• Work to complete: Take the lines below from the one with "Credenza alta a" through the one with "Polynesian Chief Inspired" and print only them, exactly. Don't print the pictures.
Supplied data below:
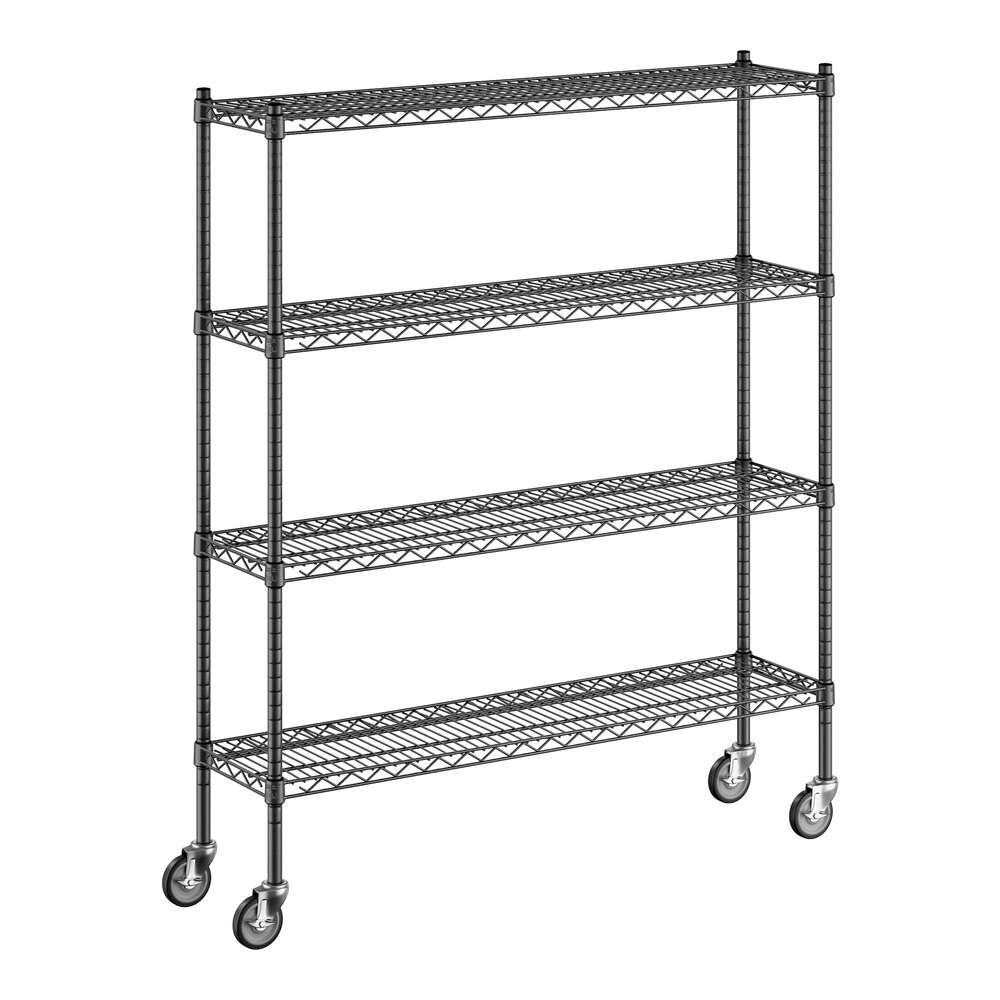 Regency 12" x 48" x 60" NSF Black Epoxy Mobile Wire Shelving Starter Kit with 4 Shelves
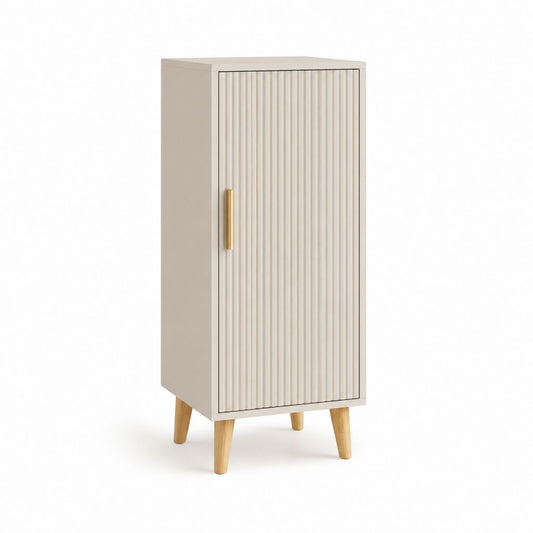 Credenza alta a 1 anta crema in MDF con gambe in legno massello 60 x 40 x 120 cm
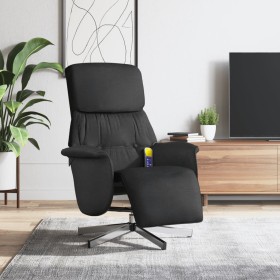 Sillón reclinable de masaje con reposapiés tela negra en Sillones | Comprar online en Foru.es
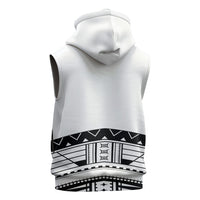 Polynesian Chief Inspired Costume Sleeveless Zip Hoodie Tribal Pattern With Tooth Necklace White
End of Supplied data.
Supplied data below:
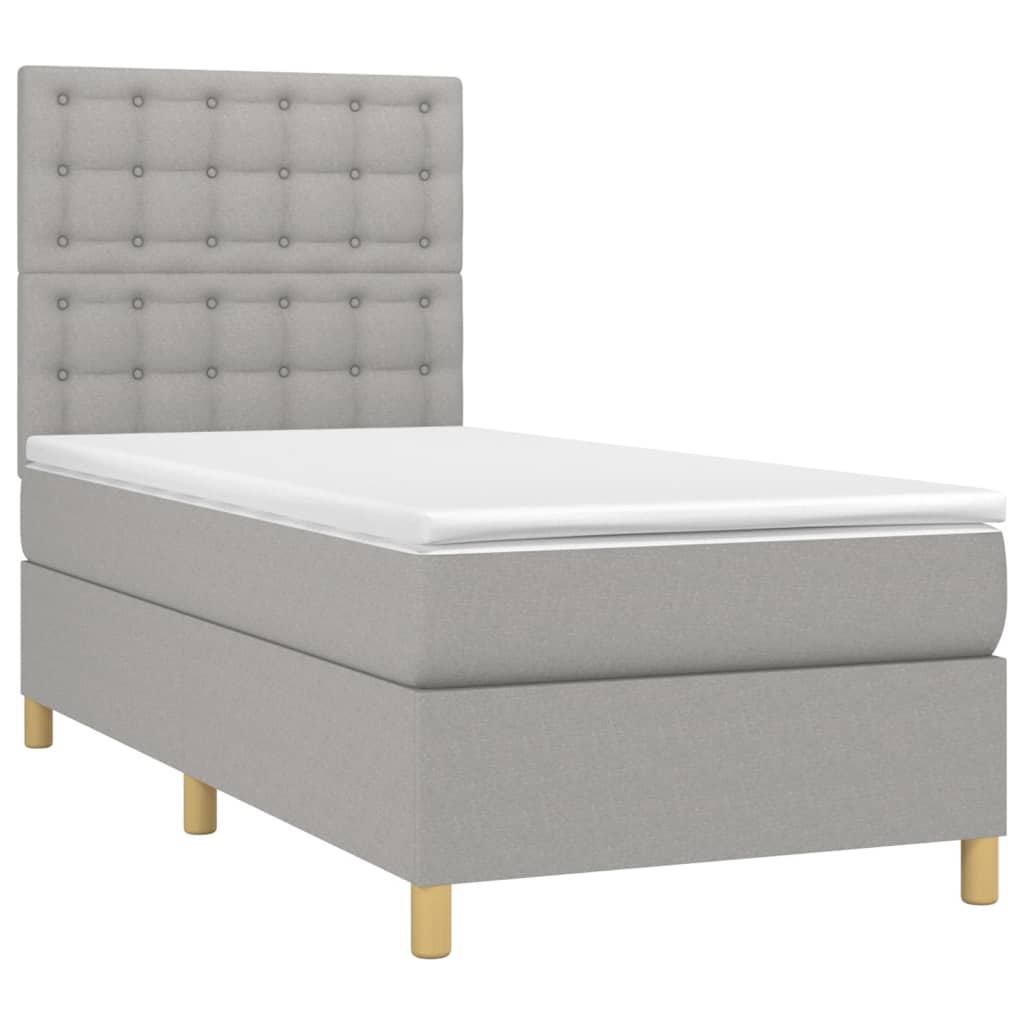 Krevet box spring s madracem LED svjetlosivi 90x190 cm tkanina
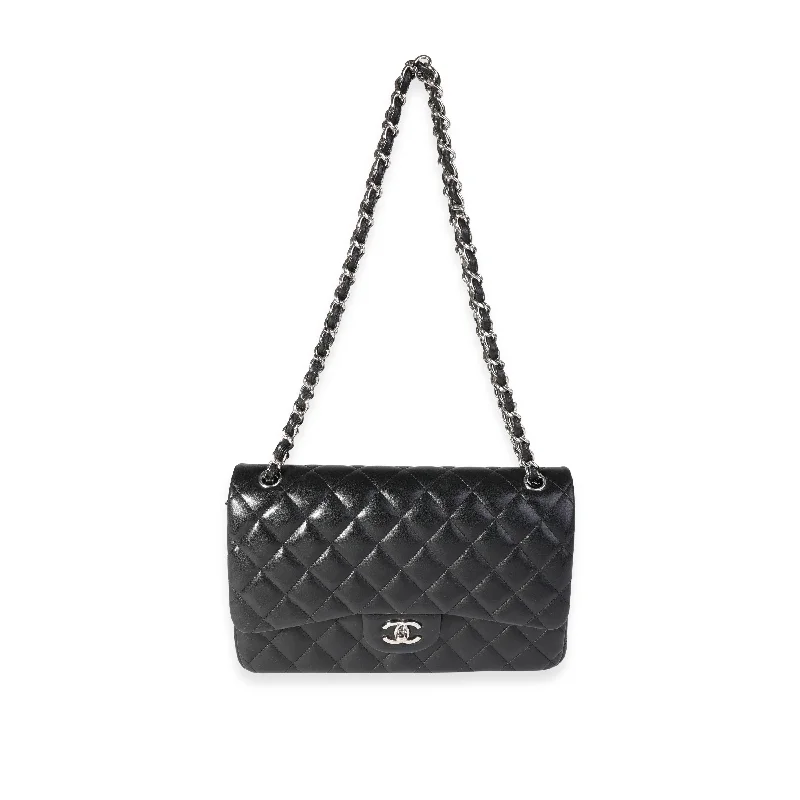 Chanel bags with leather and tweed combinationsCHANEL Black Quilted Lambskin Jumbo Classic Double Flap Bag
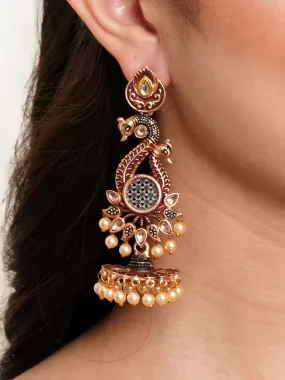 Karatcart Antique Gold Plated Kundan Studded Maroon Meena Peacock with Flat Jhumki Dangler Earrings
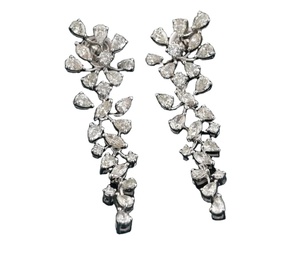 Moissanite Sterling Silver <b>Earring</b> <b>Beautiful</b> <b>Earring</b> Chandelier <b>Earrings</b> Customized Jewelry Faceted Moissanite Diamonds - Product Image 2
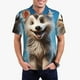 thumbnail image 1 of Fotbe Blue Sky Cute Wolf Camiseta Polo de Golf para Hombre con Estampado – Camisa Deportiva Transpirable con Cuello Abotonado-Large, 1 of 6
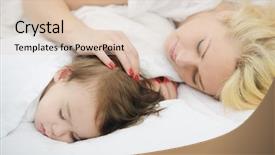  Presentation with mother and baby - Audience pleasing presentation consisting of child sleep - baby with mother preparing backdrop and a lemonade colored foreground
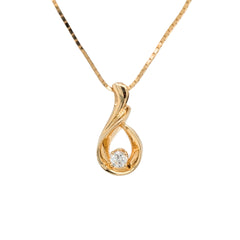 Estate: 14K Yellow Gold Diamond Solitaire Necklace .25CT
End of Supplied data.
Supplied data below:
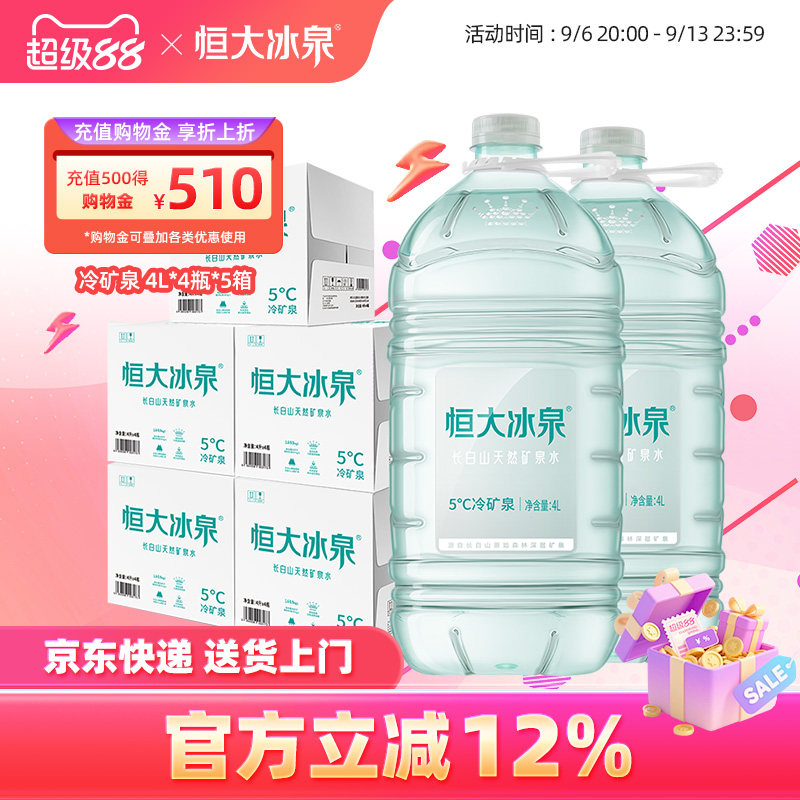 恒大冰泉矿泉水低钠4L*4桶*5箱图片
End of Supplied data.
• Output below:
 Credenza alta a 1 anta crema in MDF con gambe in legno massello 60 x 40 x 120 cm
 Sillón reclinable de masaje con reposapiés tela negra en Sillones | Comprar online en Foru.es
 Polynesian Chief Inspired Costume Sleeveless Zip Hoodie Tribal Pattern With Tooth Necklace White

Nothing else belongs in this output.